Reinforced Masonry Walls

Reinforced masonry shear walls do not have the same seismic strengths as reinforced concrete walls. This is due to the method of construction. Masonry construction is not a homogenous material, masonry wall is composed of masonry, mortar and grout. The strength of the masonry wall is the bond between the reinforcing and the grout and the grout itself. The masonry element, such as, a concrete masonry unit is only a form for the grout. Take away the masonry unit, the volume of shear wall is quite small. Therefore, the masonry walls have to be quite long and numerous. The result will be rigid structure with little energy dissipation other than for cracking of the masonry walls.

Used in most wood frame construction, wood shear walls are usually consist of plywood or a waste wood products such as OSB etc.

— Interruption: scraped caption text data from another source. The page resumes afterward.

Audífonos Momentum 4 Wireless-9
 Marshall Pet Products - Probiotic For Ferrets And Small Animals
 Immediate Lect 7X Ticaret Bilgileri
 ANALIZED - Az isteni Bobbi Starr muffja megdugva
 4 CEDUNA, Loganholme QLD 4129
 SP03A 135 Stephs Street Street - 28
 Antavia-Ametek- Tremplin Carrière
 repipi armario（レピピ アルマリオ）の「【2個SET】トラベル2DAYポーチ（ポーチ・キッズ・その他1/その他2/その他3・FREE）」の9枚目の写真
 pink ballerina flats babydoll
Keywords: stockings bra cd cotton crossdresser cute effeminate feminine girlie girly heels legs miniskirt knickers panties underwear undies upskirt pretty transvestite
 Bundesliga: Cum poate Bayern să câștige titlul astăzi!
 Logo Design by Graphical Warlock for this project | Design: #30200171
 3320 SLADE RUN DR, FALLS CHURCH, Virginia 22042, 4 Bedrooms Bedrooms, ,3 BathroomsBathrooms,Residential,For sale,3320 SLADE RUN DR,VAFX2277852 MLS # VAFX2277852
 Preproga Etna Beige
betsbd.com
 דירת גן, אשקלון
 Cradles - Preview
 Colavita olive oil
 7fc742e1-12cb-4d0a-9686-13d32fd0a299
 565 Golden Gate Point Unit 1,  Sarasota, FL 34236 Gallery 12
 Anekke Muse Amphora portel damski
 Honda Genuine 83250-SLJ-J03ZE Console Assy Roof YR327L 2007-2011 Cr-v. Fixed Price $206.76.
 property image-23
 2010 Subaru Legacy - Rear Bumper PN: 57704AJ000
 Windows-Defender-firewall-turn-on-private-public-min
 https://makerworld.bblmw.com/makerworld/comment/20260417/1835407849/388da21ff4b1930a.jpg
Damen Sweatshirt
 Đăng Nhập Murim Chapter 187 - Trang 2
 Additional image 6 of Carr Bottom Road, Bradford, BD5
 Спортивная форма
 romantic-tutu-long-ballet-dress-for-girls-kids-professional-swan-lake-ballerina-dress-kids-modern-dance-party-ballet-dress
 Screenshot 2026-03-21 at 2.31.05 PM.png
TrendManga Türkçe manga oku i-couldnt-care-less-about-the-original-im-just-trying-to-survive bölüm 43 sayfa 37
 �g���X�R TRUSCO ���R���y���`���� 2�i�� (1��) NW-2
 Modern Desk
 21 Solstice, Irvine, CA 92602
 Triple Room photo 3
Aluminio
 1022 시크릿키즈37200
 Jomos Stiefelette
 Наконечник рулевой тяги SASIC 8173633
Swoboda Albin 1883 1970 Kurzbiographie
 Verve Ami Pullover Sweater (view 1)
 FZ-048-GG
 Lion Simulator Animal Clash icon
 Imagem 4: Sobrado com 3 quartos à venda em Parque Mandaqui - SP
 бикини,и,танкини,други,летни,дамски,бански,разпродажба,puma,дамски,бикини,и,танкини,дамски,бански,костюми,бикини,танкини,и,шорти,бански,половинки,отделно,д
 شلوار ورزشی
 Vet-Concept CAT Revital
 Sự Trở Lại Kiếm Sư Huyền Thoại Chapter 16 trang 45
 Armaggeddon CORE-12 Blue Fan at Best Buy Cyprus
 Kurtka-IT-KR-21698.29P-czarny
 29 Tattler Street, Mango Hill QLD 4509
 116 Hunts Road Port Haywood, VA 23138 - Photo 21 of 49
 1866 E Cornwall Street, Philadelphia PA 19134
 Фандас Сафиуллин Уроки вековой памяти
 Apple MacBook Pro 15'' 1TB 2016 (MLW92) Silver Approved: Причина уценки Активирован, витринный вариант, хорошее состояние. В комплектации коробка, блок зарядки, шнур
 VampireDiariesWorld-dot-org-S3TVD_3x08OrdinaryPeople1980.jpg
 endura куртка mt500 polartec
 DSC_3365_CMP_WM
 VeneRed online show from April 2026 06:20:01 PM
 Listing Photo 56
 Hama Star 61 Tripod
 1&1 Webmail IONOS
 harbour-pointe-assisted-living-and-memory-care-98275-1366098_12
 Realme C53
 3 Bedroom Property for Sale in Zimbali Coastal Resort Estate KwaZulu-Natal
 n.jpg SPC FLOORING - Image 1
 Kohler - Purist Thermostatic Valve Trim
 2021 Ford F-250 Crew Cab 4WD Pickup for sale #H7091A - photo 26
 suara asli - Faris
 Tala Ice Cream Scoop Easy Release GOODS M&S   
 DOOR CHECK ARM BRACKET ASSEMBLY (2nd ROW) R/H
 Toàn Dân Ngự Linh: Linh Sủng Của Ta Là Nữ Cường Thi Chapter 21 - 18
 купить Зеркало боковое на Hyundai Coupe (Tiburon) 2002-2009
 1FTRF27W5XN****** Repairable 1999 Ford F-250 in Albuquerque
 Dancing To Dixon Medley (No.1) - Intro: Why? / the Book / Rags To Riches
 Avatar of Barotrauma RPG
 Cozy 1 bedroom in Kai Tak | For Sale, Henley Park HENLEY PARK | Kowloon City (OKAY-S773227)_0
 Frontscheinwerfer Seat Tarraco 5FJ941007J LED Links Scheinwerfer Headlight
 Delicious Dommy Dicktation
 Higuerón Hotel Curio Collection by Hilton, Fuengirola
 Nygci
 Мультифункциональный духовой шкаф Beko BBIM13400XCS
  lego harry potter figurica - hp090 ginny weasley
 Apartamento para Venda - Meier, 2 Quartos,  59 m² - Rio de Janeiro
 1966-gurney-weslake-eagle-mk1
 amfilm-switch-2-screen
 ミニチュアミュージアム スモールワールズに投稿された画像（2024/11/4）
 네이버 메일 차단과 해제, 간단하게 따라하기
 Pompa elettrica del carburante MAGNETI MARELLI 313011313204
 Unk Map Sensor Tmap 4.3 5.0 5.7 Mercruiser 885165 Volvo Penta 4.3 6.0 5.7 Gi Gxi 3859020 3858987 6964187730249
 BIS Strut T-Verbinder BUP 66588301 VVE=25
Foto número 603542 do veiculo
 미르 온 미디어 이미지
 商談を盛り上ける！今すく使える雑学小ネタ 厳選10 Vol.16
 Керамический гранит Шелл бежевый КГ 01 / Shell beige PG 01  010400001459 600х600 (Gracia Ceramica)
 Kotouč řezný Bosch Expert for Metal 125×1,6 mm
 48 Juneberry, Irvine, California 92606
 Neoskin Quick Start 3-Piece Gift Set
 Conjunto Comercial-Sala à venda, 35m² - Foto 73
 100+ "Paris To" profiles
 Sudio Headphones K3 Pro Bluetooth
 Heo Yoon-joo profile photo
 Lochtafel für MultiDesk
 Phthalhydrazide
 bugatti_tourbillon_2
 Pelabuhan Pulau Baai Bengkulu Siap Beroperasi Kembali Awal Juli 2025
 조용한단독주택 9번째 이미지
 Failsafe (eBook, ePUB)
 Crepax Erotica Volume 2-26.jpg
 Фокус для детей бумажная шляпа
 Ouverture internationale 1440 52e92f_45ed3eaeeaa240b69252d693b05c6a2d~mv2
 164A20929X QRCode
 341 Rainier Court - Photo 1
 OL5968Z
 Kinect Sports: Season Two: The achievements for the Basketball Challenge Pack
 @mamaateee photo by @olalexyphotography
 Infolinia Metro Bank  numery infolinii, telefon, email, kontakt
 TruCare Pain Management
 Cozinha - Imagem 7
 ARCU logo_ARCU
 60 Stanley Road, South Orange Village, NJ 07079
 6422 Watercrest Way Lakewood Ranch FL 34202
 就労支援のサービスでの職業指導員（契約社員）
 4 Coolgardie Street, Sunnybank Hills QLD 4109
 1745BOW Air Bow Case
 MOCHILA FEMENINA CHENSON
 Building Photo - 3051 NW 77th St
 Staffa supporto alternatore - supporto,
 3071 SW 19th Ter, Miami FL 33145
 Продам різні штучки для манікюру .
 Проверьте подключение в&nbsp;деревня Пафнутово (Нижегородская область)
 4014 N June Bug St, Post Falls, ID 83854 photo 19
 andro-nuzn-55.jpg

Some engineers will use the gyp board walls as shear walls, others will use the stucco or plaster walls as shear walls. Neither of these walls will provide the ductility needed in seismic country. These low ductility walls will be severely damaged in a large or great earthquake. The following components that make up a wood shear wall is the sheathing, nailing, anchors and hold downs. But the most important item is the ability to get the lateral load into the wall. A good engineer should follow the shear transfer from the roof to the ground using the appropriate connectors to transfer the shear. The problem with wood construction is that wood shrinks and many connectors tend to loosen up. This leaves a lateral system with a unique damping system. But it also leaves a building with larger drifts that will damage the other non shear walls and non structural elements. A good wood frame design is to provide for many shear wall lines and collector lines especially in a multi-level building. It becomes very difficult to provide adequate shear transfer over the height of the shear wall. An example is the shear transfer at the second floor may be quite huge verses the roof level and the number of nails needed will split the wood.